The lab, Dagdeviren, the group of decoders conformables, specializes in the development of electronic devices conformables (flexible and stretchable) that may adhere to the body for a variety of medical applications. Interested in working on ways to help patients with neuromuscular disorders to communicate after meeting Stephen Hawking in 2016, when the physicist at Harvard University, and Dagdeviren was a junior member of the Society of Fellows of Harvard.
Hawking, who passed away in 2018, was suffering from a form of ALS slow progression. Was able to communicate using an infrared sensor that could detect twitches in his cheek, which moved a cursor through the rows and columns of letters. While it is effective, this process could take a very long time and require a computer large.
Other ALS patients used similar devices that measure the electrical activity of the nerves that control facial muscles. However, this solution also requires equipment cumbersome and not always accurate. “These devices are very hard, flat and square, and the reliability is a big problem. You may not get consistent results, even of the same patients on the same day,” said Dagdeviren.
The majority of patients with ALS also eventually lose the ability to control your limbs, so that typing is not a viable strategy to help them to communicate. The team from MIT set out to design a portable interface that patients could use to communicate in a more natural way, without the bulky equipment required by current technologies.
The device that created it consists of four piezoelectric sensors embedded in a thin film of silicone. The sensors, which are made of nitride of aluminum, can detect the mechanical deformation of the skin and convert it into an electrical voltage that can be measured easily. All of these components are easy to mass produce, so the researchers estimated that each device would cost around 10 dollars.
The researchers used a process called correlation of digital images in healthy volunteers in order to help them to select the locations most useful to place the sensor. Painted a pattern of speckles in white and black at random in the face and then took many pictures of the area with multiple cameras while the subjects performed facial movements like smiling, moving, cheek, or articulate the form of certain letters. The images were processed by software that analyzes how to move the small points together, in order to determine the amount of stress experienced in a single area.

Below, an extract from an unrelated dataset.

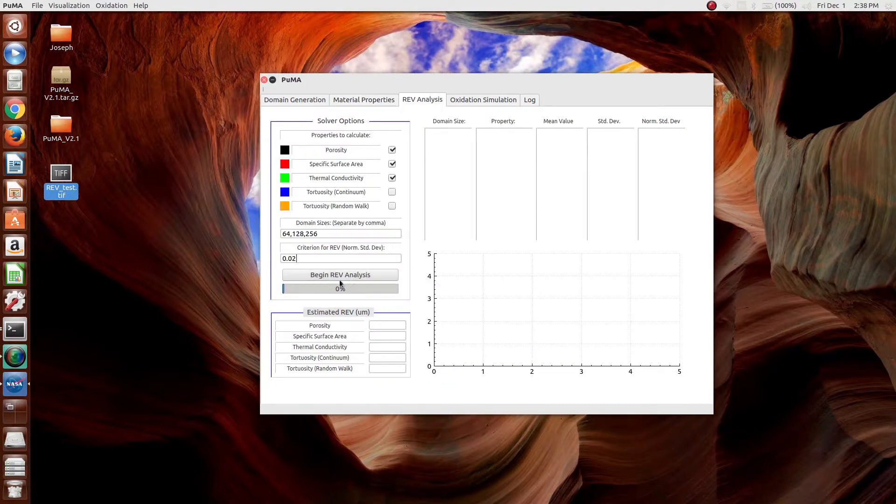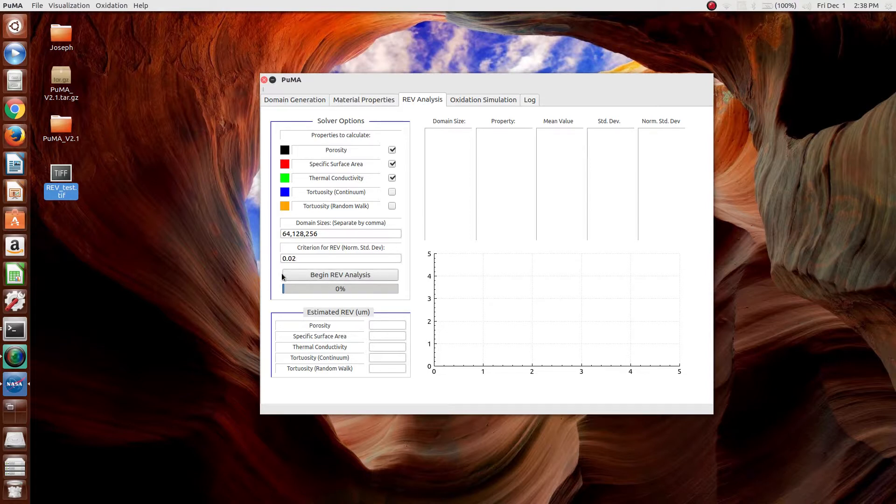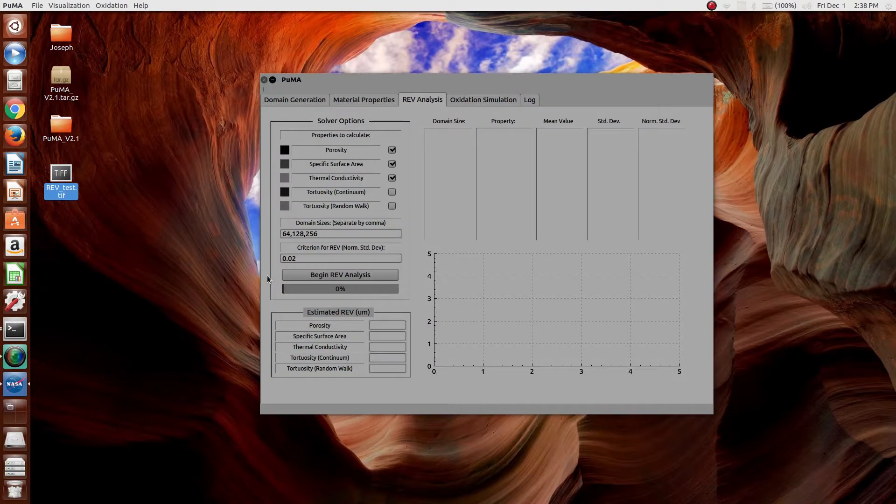At this point, the REV analysis can be done by clicking Begin REV Analysis. Now, this will probably take a few minutes, so I'm probably going to skip to the end.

“We had subjects who performed different movements and create maps of voltage of each part of the face –relates to the degree Rachel McIntosh–. Then we look at our maps of deformation, and determine in what part of the face we were seeing a level of deformation that is correct for our device, and we determined that this was an appropriate place to attach the device to our tests”.
The researchers also used measurements of the deformations of the skin to train an algorithm of machine learning to distinguish between a smile, mouth open and lips pursed. Using this algorithm, tested the devices with two patients with ALS and were able to achieve about a 75 percent accuracy to distinguish between these different movements. The precision rate in healthy subjects was 87 percent.
On the basis of these facial movements are detectable, you could create a library of words or phrases to correspond to different combinations of movements, the researchers say.
“We can create customizable messages based on the movements that you can do –advances Dagdeviren–. Technically, you can create thousands of messages that at this time no other technology is available to do. It all depends on the configuration of your library, which can be designed for a patient or group of patients in particular.”
The sensor information is sent to a processing unit that is portable, that analyzes it using the algorithm that the researchers trained them to distinguish between the facial movements. In the current prototype, this unit is connected to the sensor, but the connection could also be wireless for ease of use, the researchers say.
The researchers have filed a patent on this technology and now plan to try it with more patients. In addition ayudales to communicate, the device could also be used to track the progression of the disease of a patient, or to measure whether the treatments they are receiving are having some effect, say the researchers.